**EXERCISE BRIEF**
Only the lines from the one containing "A healthy diet also" through the end of the data are wanted, reproduced exactly and without pictures.

**MATERIAL PROVIDED**
*** Block opens ***
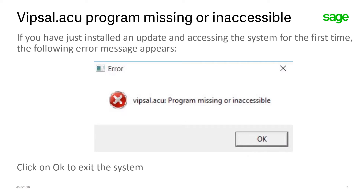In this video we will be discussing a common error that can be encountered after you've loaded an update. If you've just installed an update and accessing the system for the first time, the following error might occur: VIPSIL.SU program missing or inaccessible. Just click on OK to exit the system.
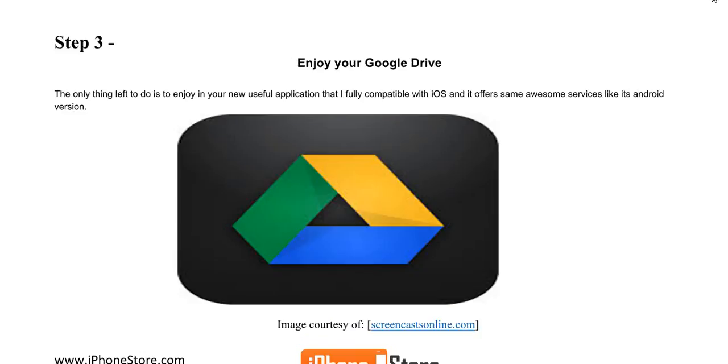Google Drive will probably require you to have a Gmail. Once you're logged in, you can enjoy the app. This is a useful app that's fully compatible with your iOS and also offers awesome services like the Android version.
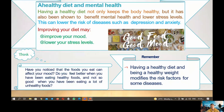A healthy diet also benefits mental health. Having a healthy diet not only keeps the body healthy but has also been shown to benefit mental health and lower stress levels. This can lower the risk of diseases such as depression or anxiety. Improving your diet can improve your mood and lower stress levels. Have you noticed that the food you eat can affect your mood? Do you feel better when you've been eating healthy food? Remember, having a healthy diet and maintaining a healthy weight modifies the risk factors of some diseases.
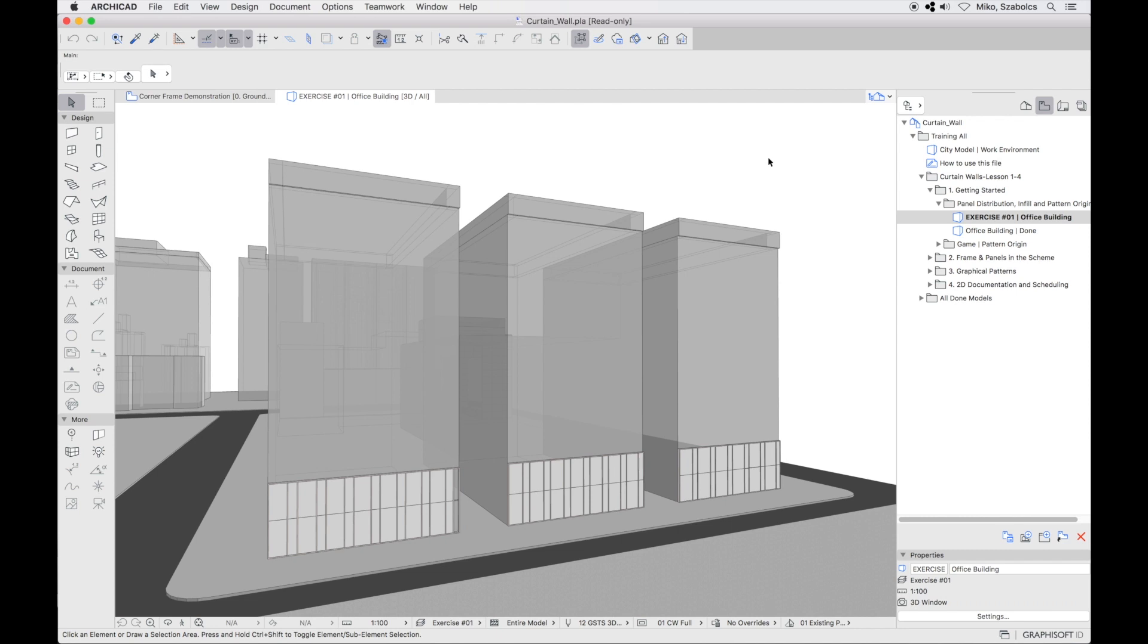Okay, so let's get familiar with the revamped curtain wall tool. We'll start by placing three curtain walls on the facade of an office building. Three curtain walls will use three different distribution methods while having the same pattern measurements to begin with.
*** Block closes ***
**RESPONSE TO THE EXERCISE**
A healthy diet also benefits mental health. Having a healthy diet not only keeps the body healthy but has also been shown to benefit mental health and lower stress levels. This can lower the risk of diseases such as depression or anxiety. Improving your diet can improve your mood and lower stress levels. Have you noticed that the food you eat can affect your mood? Do you feel better when you've been eating healthy food? Remember, having a healthy diet and maintaining a healthy weight modifies the risk factors of some diseases.
Okay, so let's get familiar with the revamped curtain wall tool. We'll start by placing three curtain walls on the facade of an office building. Three curtain walls will use three different distribution methods while having the same pattern measurements to begin with.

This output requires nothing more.